When Wright went down with his initial hamstring injury, the Mets recalled utility player Eric Campbell to play third base in his absence until he started slumping and was sent back to the minors.
In yesterday’s 8-2 loss to the Pirates, Campbell went 0-for-4 with a strikeout, lowering his batting average on the season to an abysmal .188 with only 1 home run and 7 RBIs.
While his ability to play most every position is valuable (he even learned to catch in spring training), Campbell is not producing enough to be a viable solution at third base in Wright’s absence. Campbell has shown he can hit in a reserve role, but as an everyday player it’s a totally different story and his current 0-for-20 skid is too big to look over.

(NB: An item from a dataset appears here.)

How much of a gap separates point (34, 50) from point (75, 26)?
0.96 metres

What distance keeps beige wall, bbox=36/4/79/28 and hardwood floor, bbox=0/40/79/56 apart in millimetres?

In 15 games at AAA Las Vegas this season, Campbell slashed .440/.569/.820 with 4 home runs and 13 RBIs. He’s a career .288 hitter in the minors and he hit .263 off the bench last season playing in 85 games, so his .188 average is an outlying data point. Nevertheless, he is not hitting and with the Mets starving for offense, they can’t afford to have him at third base because his defense is not good enough to merit continued playing time.
So what internal options do the Mets have at third base?
- Daniel Murphy – It seems like the most logical option, as third base is arguably Murphy’s best position. If Murph moves to third base, middle infield prospect Matt Reynolds could theoretically be called up to play second base. At AAA Las Vegas this season, Reynolds is hitting .282 with 2 home runs and 26 RBIs. He has 46 hits in 41 games to go with 30 runs scored and 7 steals, and is proving the impressive show he put on in spring training was not a fluke. He is playing shortstop but some scouts think he profiles more as a second baseman.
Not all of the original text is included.